Updated: Jul 26, 2023

Hi everyone! If you follow this blog and read our book reviews then you know a lot of times one of our big complaints is the story could use a better editor. We don’t often state what kind of editing is needed (unless it’s a proofreader/copy editor), but a lot of the time what’s needed is a line edit.

So what is a line edit?

A line edit is where an editor (or an author if they aren’t too close to the writing) goes through the text with a fine tooth comb looking for things that bog the text down. Things like repetitive phrasing, weak verbs/words, similar sentence structure. Line edits look for overused words, clichés, and telling vs. showing.

A line edit is not a content edit. It is not a developmental edit. It is not a sensitivity edit. It’s not a proofread/copy edit.

Its purpose is to make your prose stronger. More interesting. While leaving the core plots, words, and ideas.

So how does it work?

Well… I’m going to show you using a U.S.A. Today Bestselling author’s opening 300 words. This is not my writing. I am using a very small sample as an example for educational purposes. 

Now that the fair use jargon is out of the way.

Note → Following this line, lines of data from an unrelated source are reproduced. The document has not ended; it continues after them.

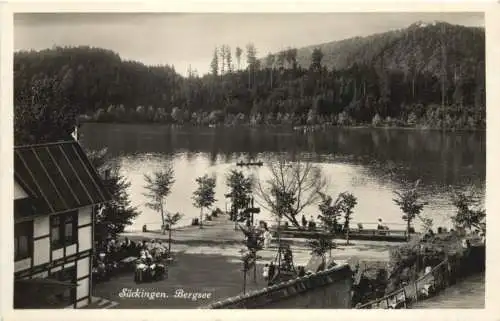 Säckingen. Bergsee -555518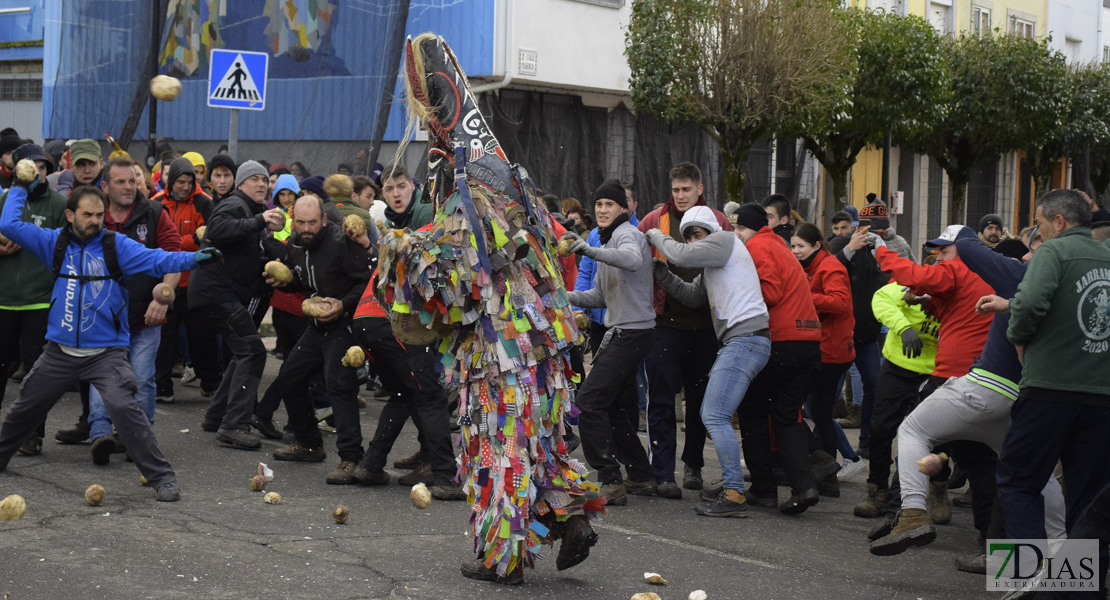 GALERÍA II: Piornal celebra el Jarramplas, su famosa fiesta de Interés Turístico Nacional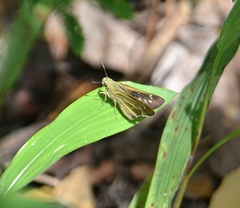 Borbo cinnara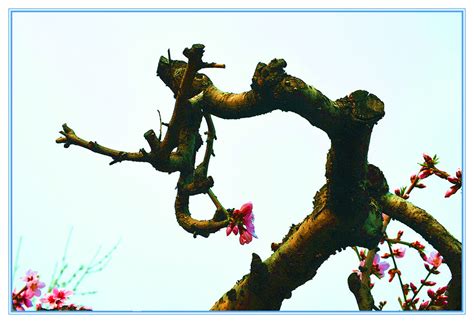 【虬枝凌空花新开------拍于河北省武安市桃园摄影图片】风光摄影_太平洋电脑网摄影部落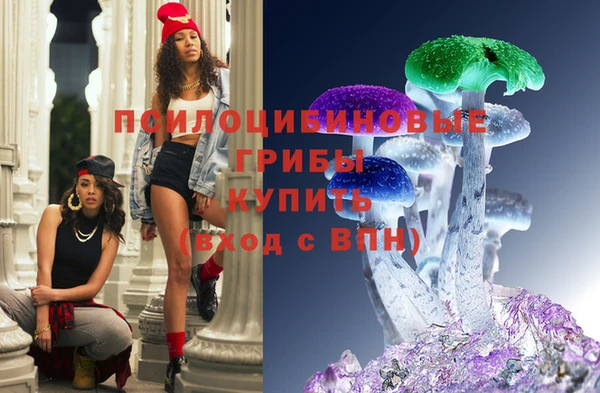 прущие грибы Кодинск
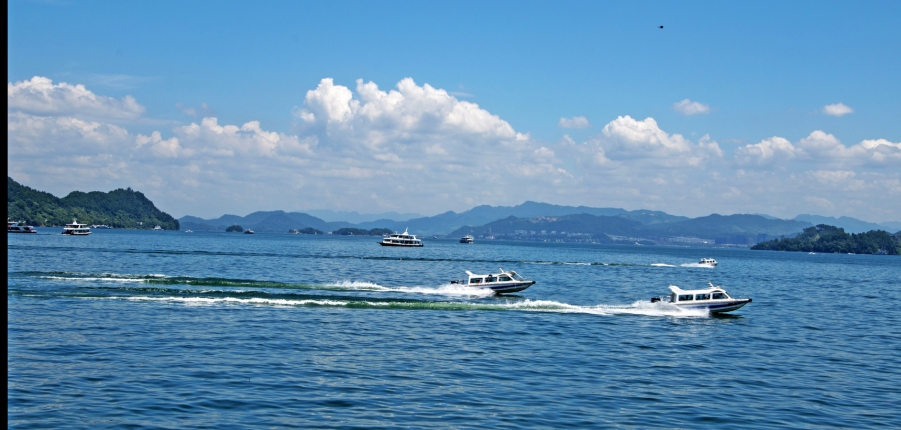nEO_IMG_DSC_0460.jpg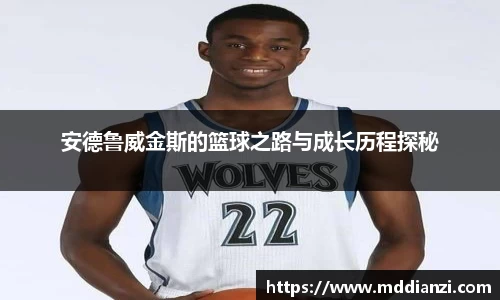 安德鲁威金斯的篮球之路与成长历程探秘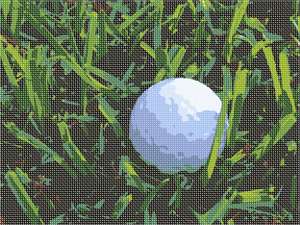 A golf ball hidden in the grass.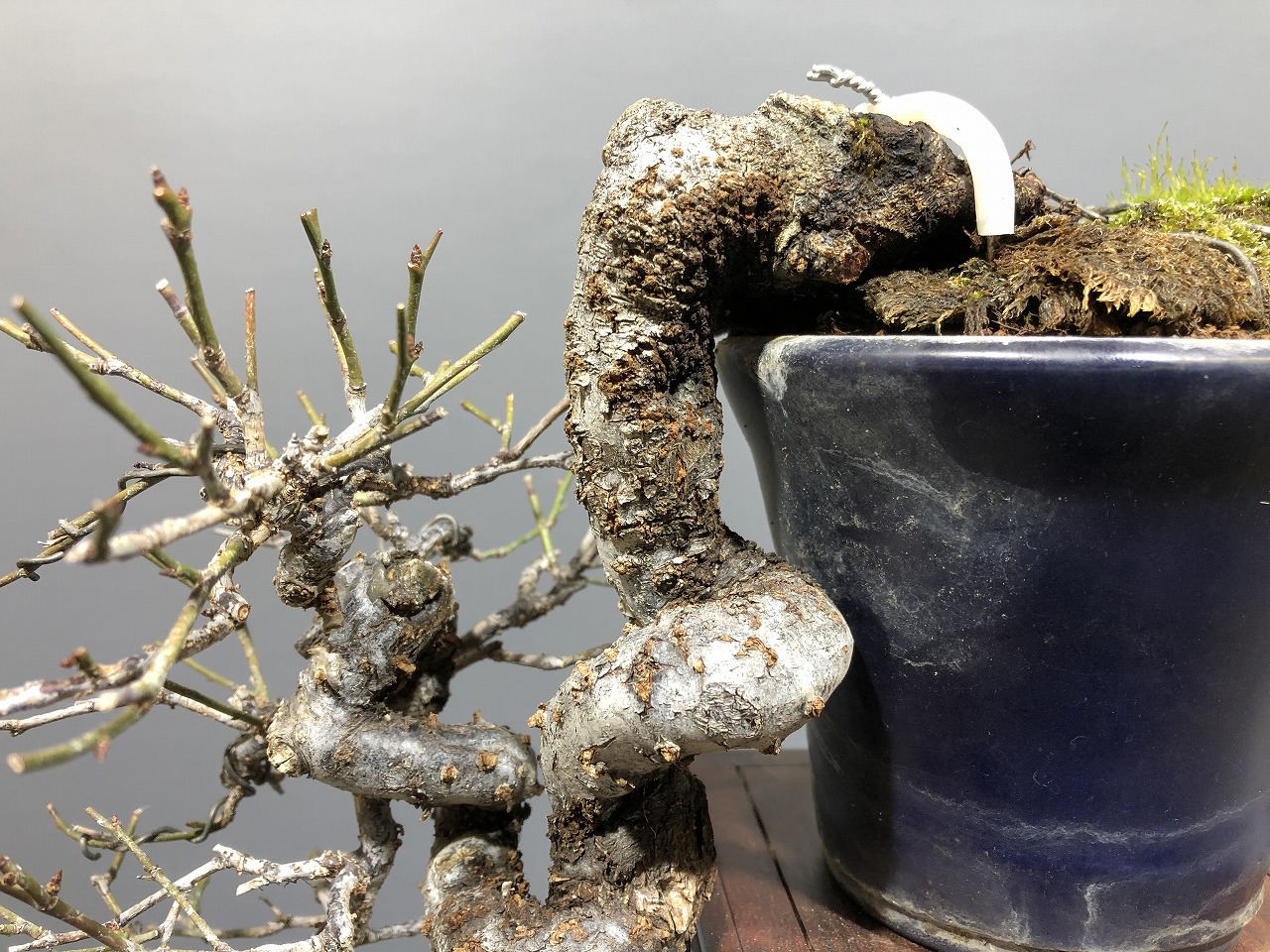 甲州野梅 ※小品懸崖樹形 赤花（八重花）！！ - 展示用盆栽 [赤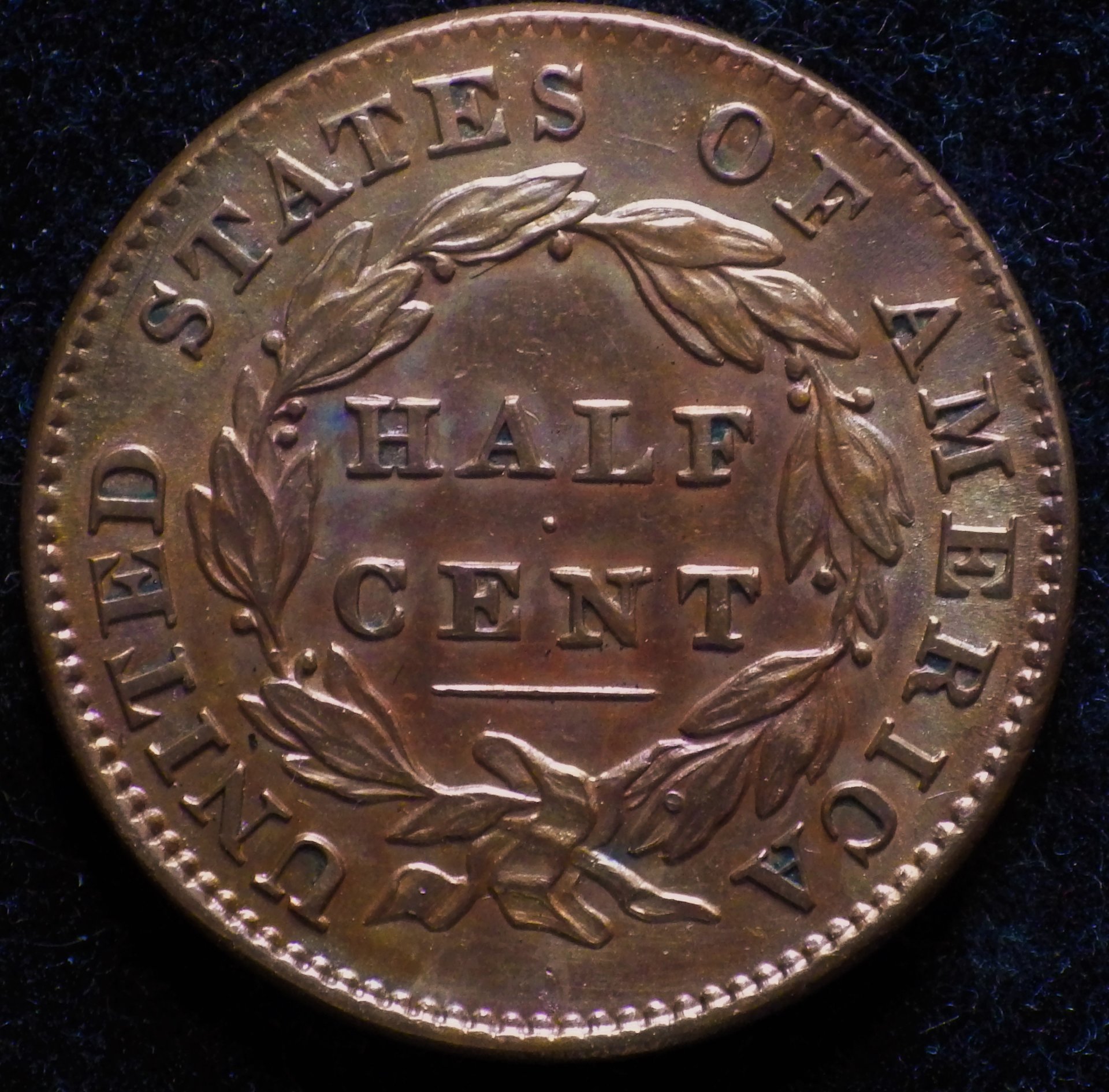 IMGP4092.JPG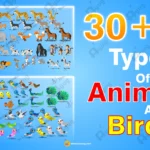 Ultimate Nature & Wildlife Mega-Bundle: 60+ Animated Animals & Birds for Adobe Animate CC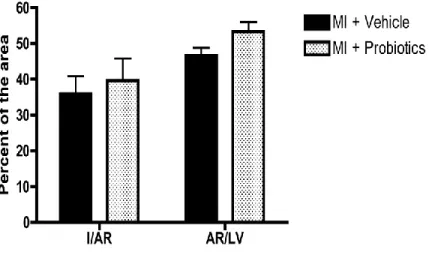 Figure 5-1. Myocardial infarct size (I), expressed as a percentage of the area at risk  (AR), shows no difference between groups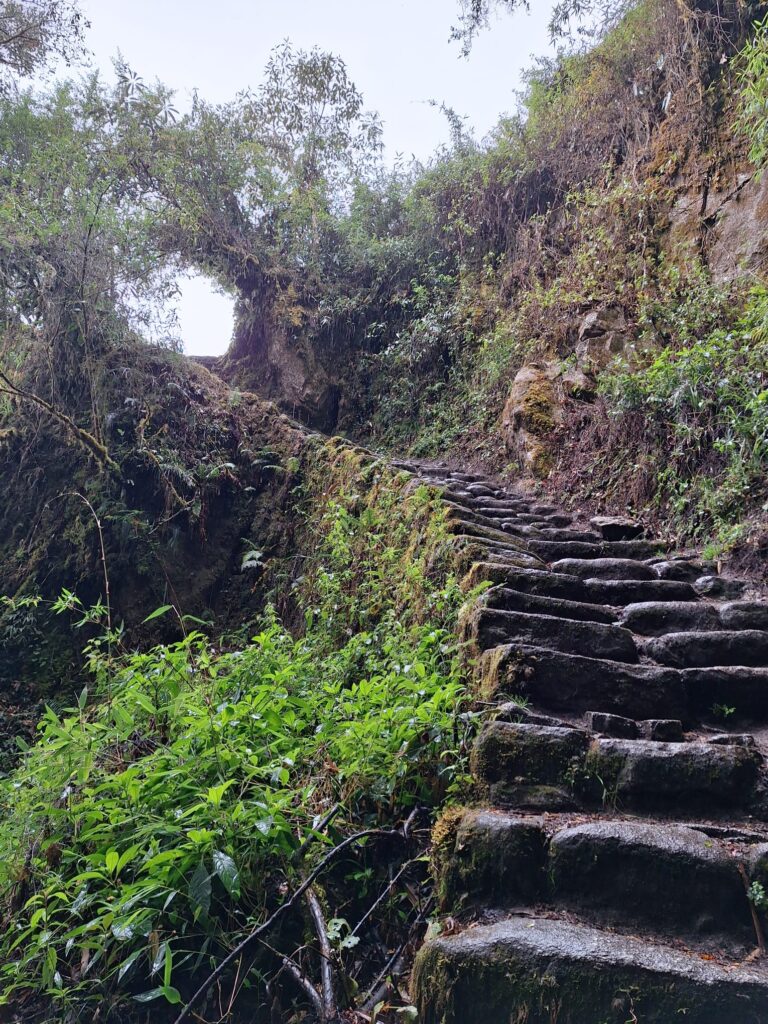 Inca steps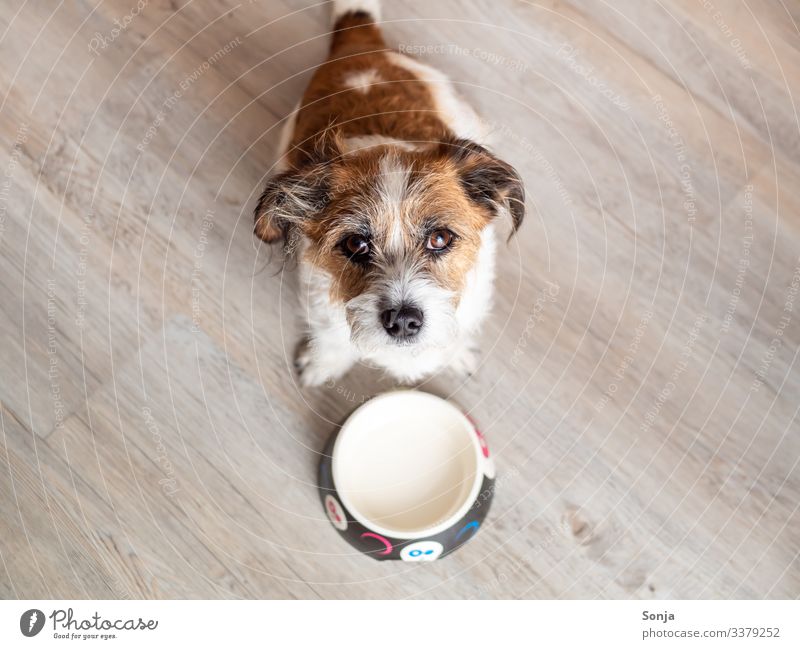 Hungriger Hund vor einem leeren Hundenapf Tier Haustier Tiergesicht Fell Hundeauge 1 Fressnapf Diät Fressen Vorfreude Tierliebe Appetit & Hunger Sorge betteln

Here we go.


I happened across this while trying to find something to read. I didn’t like the opening, and I couldn’t figure out why. So I took off my reader’s hat, put on my editor’s hat, fired up google docs, and got to work.

When I was done, I had a document that looked something like this:

Let’s break this down. (You also get to see my fandom name, which I am very open about so if you like reading Hunger Games AUs or Soulmates stuff or a diary fic where Tom Riddle gives Ginny Weasley the facts of life you can hunt me down!)

First Paragraph:

The opening starts in the wrong place and doesn’t flow smoothly. And I noticed pretty early on that this author (assuming it isn’t a ghostwriter which is possible considering the author’s release schedule of 10+ books a year) has very repetitive phrasing. 

Now onto the second paragraph of my edit.

One of the first things I noticed were the weak verbs. The repeated “Walk” permutations. And, of course, the similar sentence structure. I also wanted to break it up. Add some drama. Heighten the tension. And you can do that with short paragraphs and even one sentence paragraphs. Here are my edits and rationales.

All of that I parsed from the original first paragraph. The words are still mostly Croix’s (or her ghostwriter’s), I just moved a few around, tightened a few verbs, and got rid of what looked like unintentional repetition.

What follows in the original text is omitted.